Universal Mill List (UML) Scraper
Overview
Scraper for the Universal Mill List (UML) from Rainforest Alliance - a public database of RSPO-certified palm oil mills worldwide.
Authentication
None required. Public download.
Source
| Property | Value |
|---|---|
| URL | https://www.rainforest-alliance.org/business/certification/the-universal-mill-list/ |
| Format | Excel (.xlsx) or CSV |
| Update Frequency | Monthly |
| Data Provider | Rainforest Alliance / RSPO |
Workflow
1. Scrape page for download link → 2. Download Excel/CSV → 3. Save to GCS → 4. Parse & clean → 5. Upsert Supabase → 6. Replace SQL Server
GCS Storage
Database Tables
Supabase: traceability.uml_data
| Column | Type | Description |
|---|---|---|
uml_id |
text | Unique mill identifier (PK) |
group_name |
text | RSPO member group name |
parent_company |
text | Parent company name |
company_name |
text | Operating company name |
mill_name |
text | Mill name |
address |
text | Mill address |
rspo_status |
text | RSPO certification status |
rspo_type |
text | Type of RSPO certification |
date_rspo_certification_status |
date | Certification date |
latitude |
float | GPS latitude (-90 to 90) |
longitude |
float | GPS longitude (-180 to 180) |
gps_coordinates |
geometry | PostGIS Point (SRID 4326) |
iso |
text | ISO country code |
country |
text | Country name |
province |
text | Province/state |
district |
text | District |
state |
text | State |
confidence_level |
text | GPS confidence level |
alternative_name |
text | Alternative mill names |
updated_at |
timestamptz | Last sync timestamp |
Unique Constraint: uml_id
SQL Server: traceability.uml_data
Identical schema.
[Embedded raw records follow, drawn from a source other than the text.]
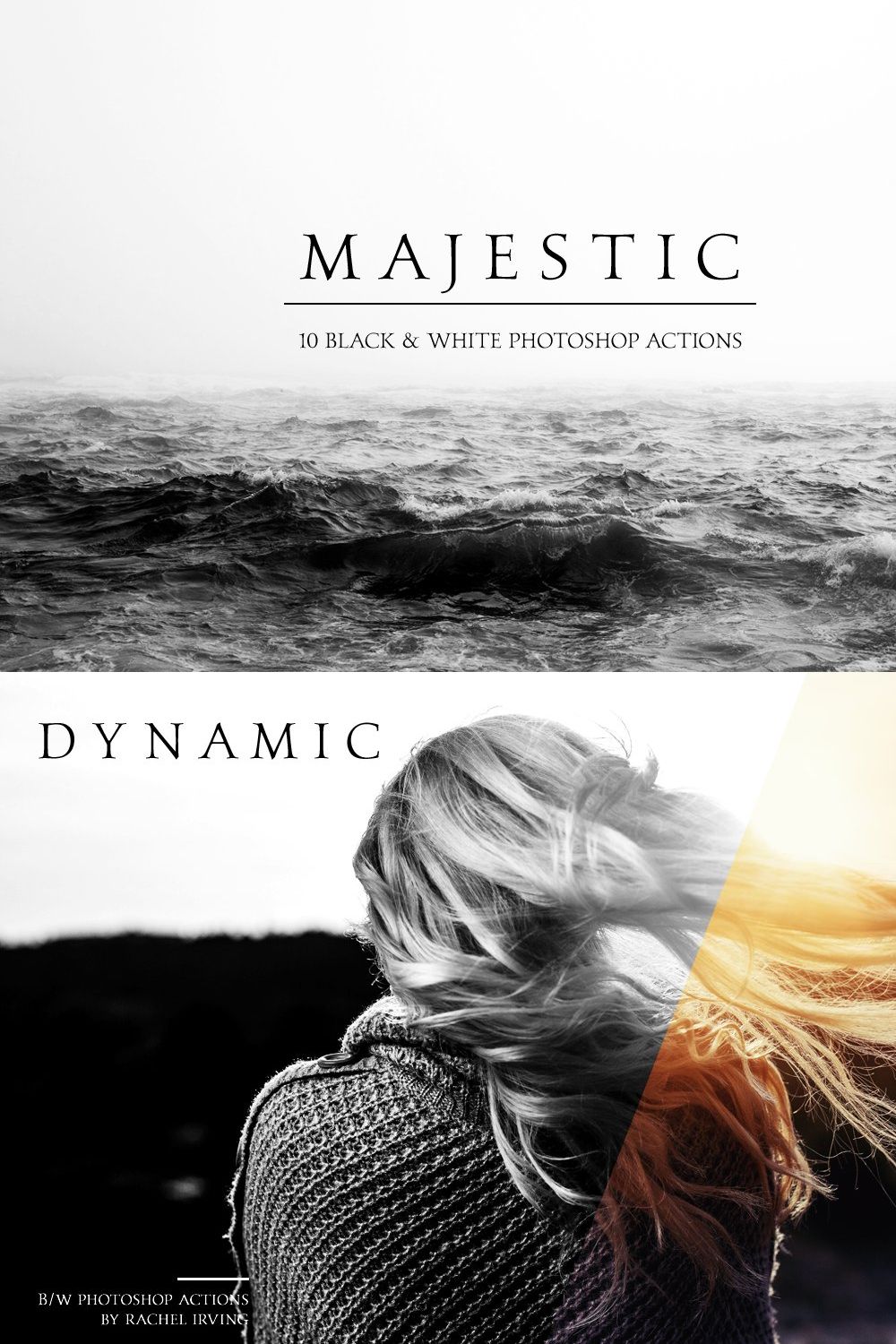 Majestic: Black + White PS Actions pinterest preview image.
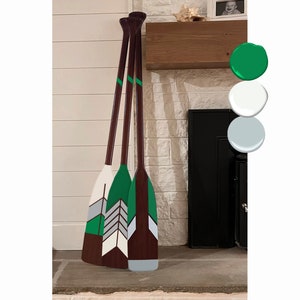 Painted Paddle | Paddle Gift | Canoe Paddle Oar Wall Art  | Choose ONE Feathers Design in Kelly Green SQ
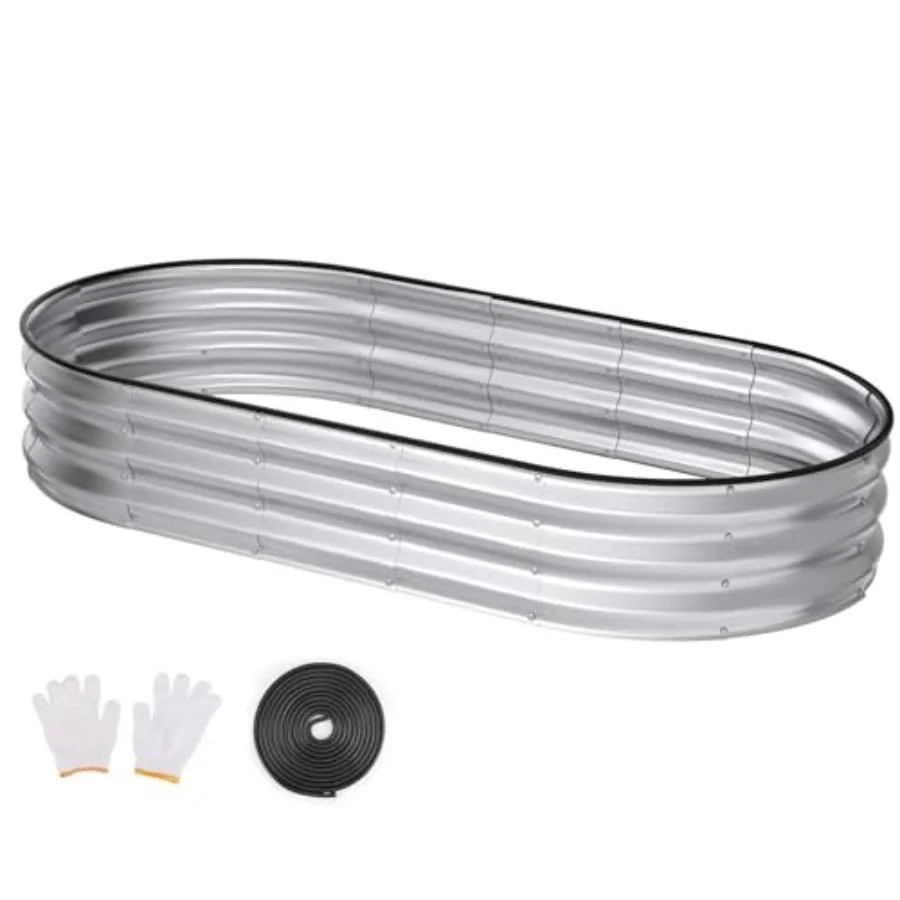 

Оцинкованная овальная металлическая грядка-клумба 6x3x1 футов для сада с защитным бортиком и перчатками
Table is fully replaced on each sync.
Quick Start
Environment Variables
| Variable | Description |
|---|---|
SUPABASE_URL |
Supabase project URL |
SUPABASE_KEY |
Supabase service role key |
SQLSERVER_HOST_JINLEE |
SQL Server hostname |
SQLSERVER_DATABASE_JINLEE |
SQL Server database name |
SQLSERVER_USER_JINLEE |
SQL Server username |
SQLSERVER_PASSWORD_JINLEE |
SQL Server password |
DISCORD_WEBHOOK_NOTIFICATIONS |
Discord webhook for failure alerts |
Schedule
Daily at 21:00 SGT (9 PM Singapore time)